Once upon a time Puerto Ricans used to chat about just two boricuas Roberto Clemente and Orlando Cepeda being in baseball Hall of Fame. If dream comes true like a fairy tale story this same time around next year we can be praising two more.

That fantasy could be reality next December when members of the Baseball Writers Association of America will receive ballots that list candidates eligible for induction into the Hall of Fame in 2010.

With historical and stats records furnished to them and with their own perception of greatness to back up their judgement, there should be great hope in Puerto Rico the writers wii consider our own Roberto Alomar and Edgar Martinez.

In my opinion, their career records should assure them of gaining acceptance and earning plaques in Cooperstown and why not in their first year of eligibility.

Roberto Alomar was one of the biggest stars and arguably the best second baseman in the history of the game. He was a 12-time All-Star, 11 consecutive seasons from 1991-2001, in 17 major league seasons.   In the same career time he won 10 Gold Gloves, the most by a second baseman ever. In his prime he was doing everything right at second base a la Ozzie Smith did at shortstop or Brooks Robinson at third base.

Going strictly by his offense, his numbers are hall of fame too. He finished his career with a .300 batting average and among hall-of-fame comparisons he had more career hits and RBI than two other Hall-of-Fame second basemen Joe Morgan and Ryne Sandberg. Not enough ? In Alomar’s case, the most basic statistics should serve. Among all second basemen, Alomar ranks sixth in hits, seventh in runs scored,  10th in RBIs and fourth in steals. When he called it quits he was just 276 hits shy of 3,000 hits.

Among his hardware let’s not forget he was an American League Championship Series MVP (1992); All Star Game MVP (1998), two-time World Series member (1992,1993) and a four-time Silver Slugger Award. A three-time Toronto’ Player of the Year, franchise that inducted him into their Blue Jays Level of Excellence group last year and a two-time Cleveland Indians’ Player of the Year.
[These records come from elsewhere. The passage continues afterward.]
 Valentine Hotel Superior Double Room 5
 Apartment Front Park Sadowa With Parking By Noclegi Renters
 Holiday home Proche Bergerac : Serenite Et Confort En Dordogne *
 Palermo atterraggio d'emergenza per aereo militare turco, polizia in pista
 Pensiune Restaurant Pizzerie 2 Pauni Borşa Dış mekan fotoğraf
On the other hand, Edgar Martinez accolades are very,very long. To start, when as soon Martinez retired Major League Baseball recognized him as the greatest designated hitter of all time and renamed its yearly Designated Hitter Award as the Edgar Martinez Award. And its qualifications are his own numbers.

The 18-season veteran is only one of six in all history to have finished its career to have a batting average of .300 or more, on-base percentage of .400 or more, a slugging percentage of .500 or more, 2000 hits, 300 home runs, 500 doubles, and 1000 walks.
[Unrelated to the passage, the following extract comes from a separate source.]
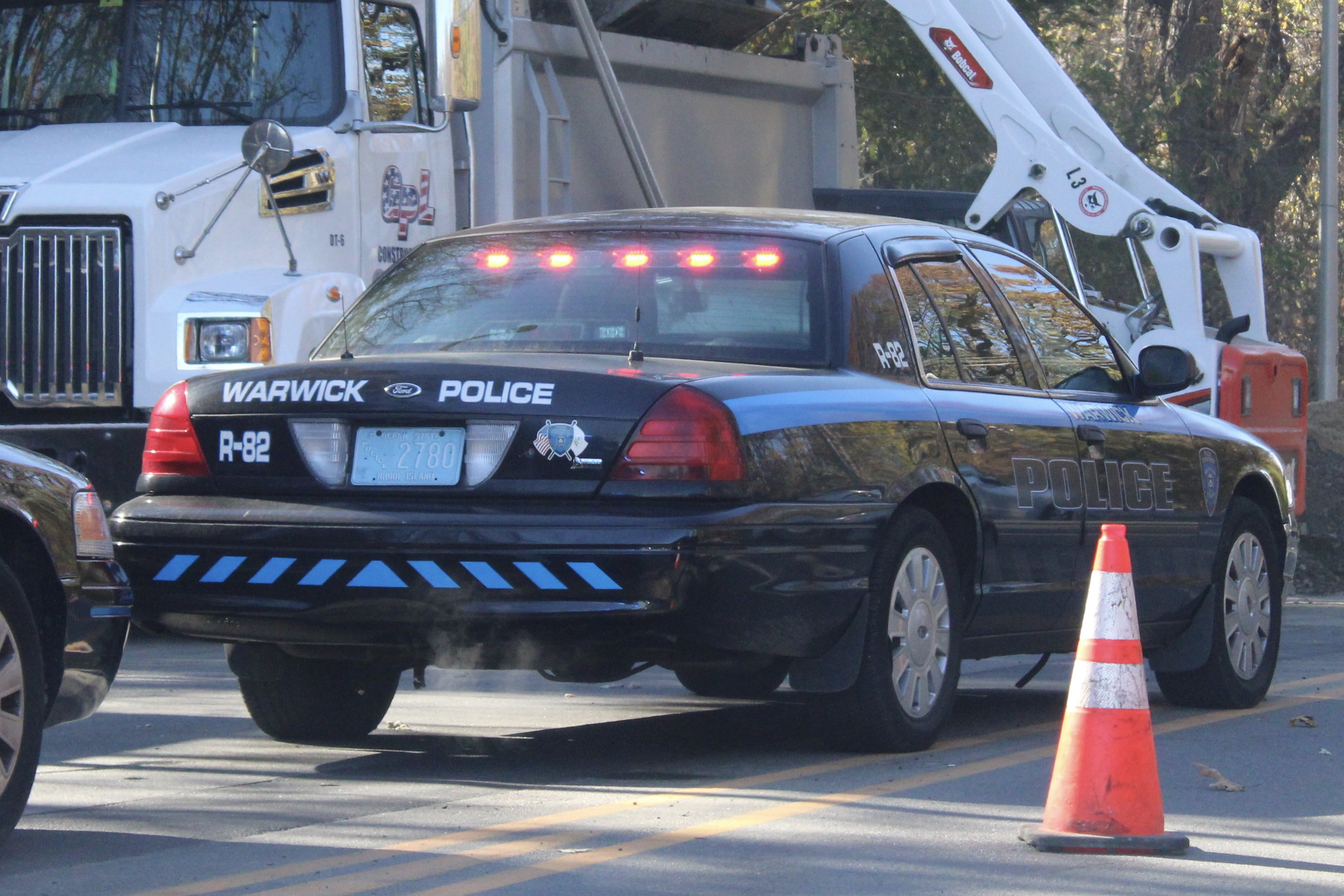 A photo  of Warwick Police
            Cruiser R-82, a 2009-2011 Ford Crown Victoria Police Interceptor             taken by @riemergencyvehicles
He is the Mariners’ all-time leader in hits (2,247), doubles (514), walks (1,283), and games played (2,055). He is also among the top 10 in other categories including at-bats (7,213), runs (1,219), home runs (309), RBI (1,261), total bases (3,718) and extra base hits (838).
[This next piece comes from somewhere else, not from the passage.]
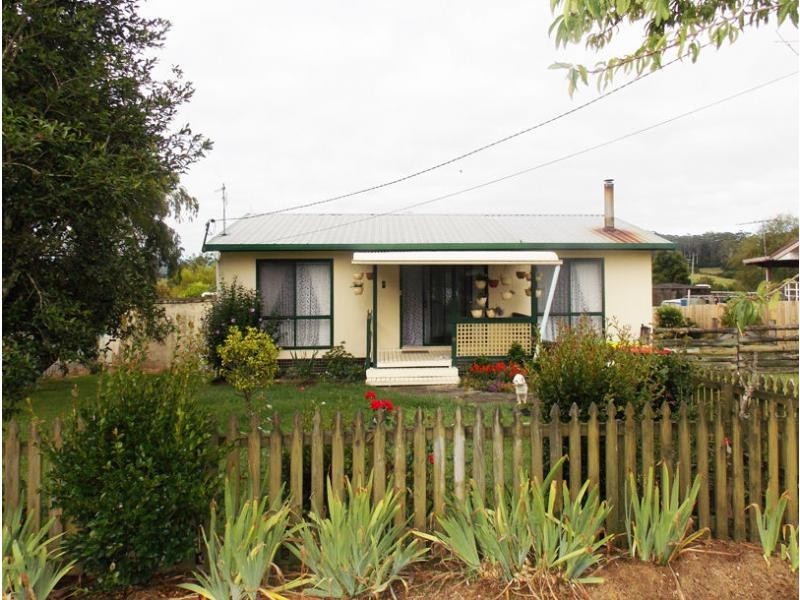 7 Stanley Street, Lowanna NSW 2450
He was among many recognitions a 7-time All Star, 5-time Silver Slugger, 2-time American League batting champion (1992, 1995) and won the Roberto Clemente Award (2004). He was also a two-time Mariners Player of the Year.

By the way, let’s not forget Edgar is “Señor Mariner”” not only in Seattle but in the whole Pacific Northwest. He was so cherished the Mariners waived the waiting period so they could induct him into the team hall of fame after his 2004 retirement and on the south side of Safeco Field named a street after him. Moreover, the Mariners have not issued Martínez’ #11 jersey since he retired.

Hope December arrives soon.

Bye, Bye Baltimore Orioles

alomar1.jpgC’mon…whom the South Florida politicians are kidding that are sad and crushed with the departure of the Baltimore Orioles from Fort Lauderdale Stadium.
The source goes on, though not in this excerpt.